Entré en el probador sin pensarlo. La cortina quedó entreabierta. Rubén se quedó fuera, apoyado en la pared, sin perder detalle. Sabía que yo no iba a tardar.
Mis dedos tocaron su piel caliente, suave, mientras subía lentamente la cremallera. Pero me detuve antes de llegar arriba. Mi boca rozó su nuca sin querer. O quizá sí.
Ella se estremeció.
—No estás siendo muy objetiva —dijo en un suspiro.
—Ni tú muy inocente…
Me giró suavemente hacia ella. Sus labios rozaron los míos, apenas un segundo. Una provocación. Un anticipo.
—¿Y si no me decido por ninguno de los dos?Mi mano bajó por su cintura hasta apoyarse en su cadera. Sentí su respiración acelerarse, su cuerpo responder al contacto. Nuestros labios se encontraron, esta vez sin disimulos. Fue un beso lento, húmedo, lleno de esa electricidad que recorre la columna vertebral.
Rubén entró en silencio. Ella lo miró por encima de mi hombro sin soltarme.
—¿Y tú? ¿También quieres darme tu opinión?
Él no contestó. Se acercó, la acarició por la cintura mientras nuestros cuerpos se fundían más. Su boca encontró su cuello, mientras yo volvía a besarla, esta vez con hambre. Su piel se erizaba bajo nuestras manos. El vestido acabó deslizándose de nuevo, sin resistencia. La lencería ya no cubría... ocultaba deseos que ahora pedían libertad.
El vestido cayó a sus pies como un suspiro rendido. Y ella, con ese cuerpo que parecía esculpido para el pecado, se dejó acariciar sin reservas. Rubén, detrás de ella, le desabrochó el sujetador con la calma de quien disfruta cada segundo. Yo lo recibí entre mis dedos, mientras sus pechos quedaban al descubierto ante mis ojos.
Tenía los pezones duros, hambrientos. Me incliné para besar uno, mientras mi mano acariciaba el otro con la yema de los dedos. Ella soltó un gemido apenas contenido, el tipo de sonido que provoca que todo el cuerpo se te encienda.
Rubén le acariciaba el vientre, descendiendo lentamente hasta rozar la cinturilla de su tanga rojo. Su otra mano recorría sus costados, su cuello, su cintura, como si dibujara con fuego. La vi cerrar los ojos, entregándose a nuestras caricias como si estuviera flotando.

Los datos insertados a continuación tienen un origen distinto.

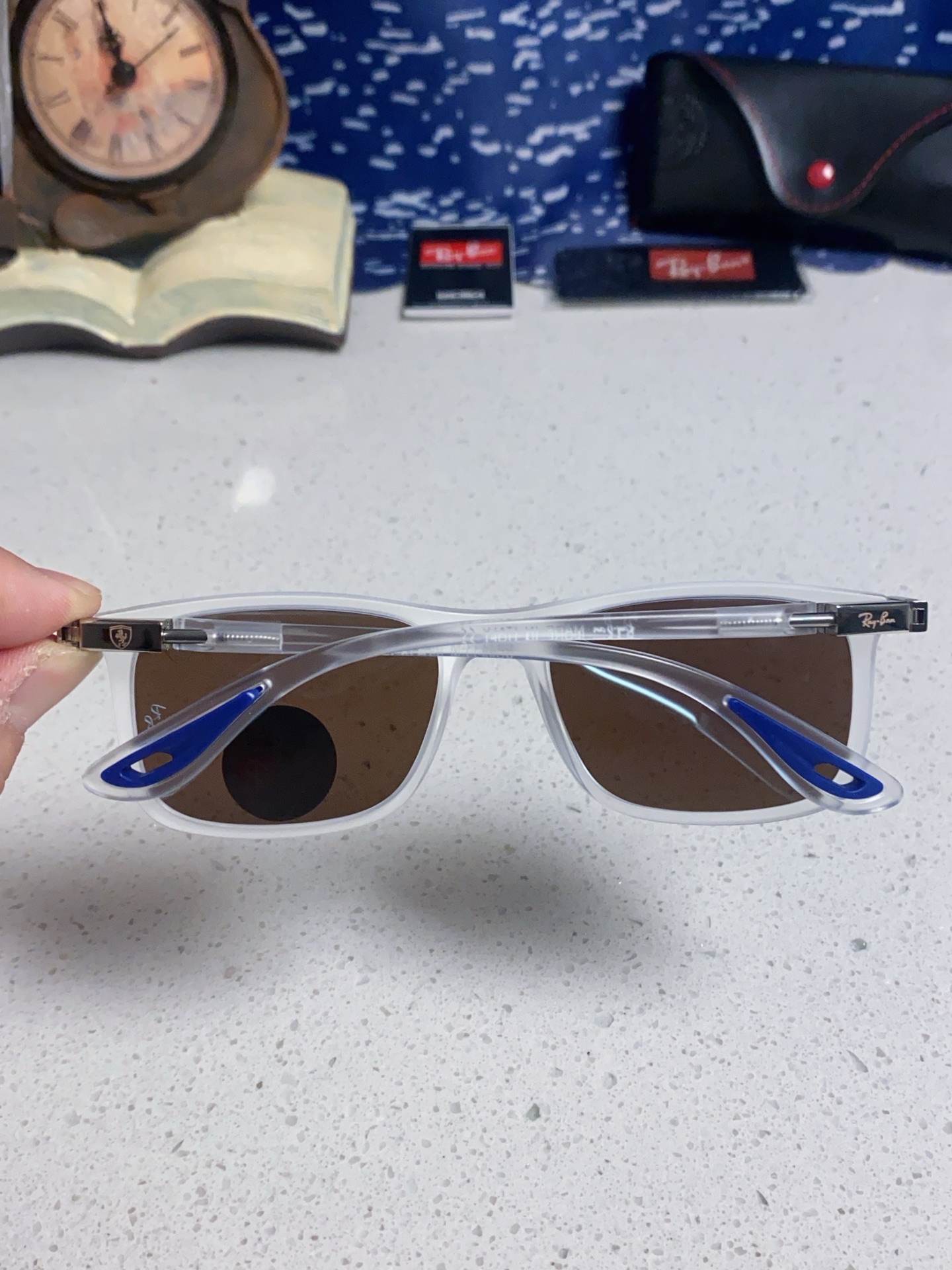  RayBan雷朋 2025新款 高清树脂太阳镜 高端板材墨镜徒步旅行者眼镜开车驾驶 型号RB4433M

Yo bajé lentamente, besando su vientre, oliendo el perfume de su piel mezclado con ese aroma inconfundible de excitación. Acaricié el interior de sus muslos, suaves, cálidos, hasta que noté cómo se abrían, invitándome. El tanga ya estaba húmedo. Lo aparté con delicadeza, y entonces lamí, suave, lento, solo una vez. Ella tembló.
Rubén le susurró algo al oído, mientras su mano se deslizaba entre sus piernas desde atrás, buscando ese punto donde placer y locura se encuentran. Ella jadeaba, con mi lengua en su clítoris y sus caderas moviéndose al ritmo de nuestros cuerpos.
Nos turnamos. Jugamos con ella como si fuera nuestro secreto mejor guardado. Mis dedos la acariciaban por dentro mientras Rubén la besaba, la mordía, la empujaba suavemente contra la pared del probador. Ella se sostenía apenas, rendida, gimiendo nuestros nombres sin orden ni control.Cuando Rubén la penetró desde atrás, ella lanzó un gemido ahogado que rebotó entre las paredes del cubículo. La sujeté por delante, besando sus labios, su cuello, sus pechos, mientras él marcaba un ritmo lento pero firme, haciéndola vibrar entera. Sus uñas se clavaron en mi espalda.
—Seguid... —murmuró entre jadeos—. No paréis...
Y no lo hicimos.
Allí, entre telas colgadas y luces frías, creamos nuestro propio universo. Un momento fuera del tiempo. Donde el deseo lo llenaba todo.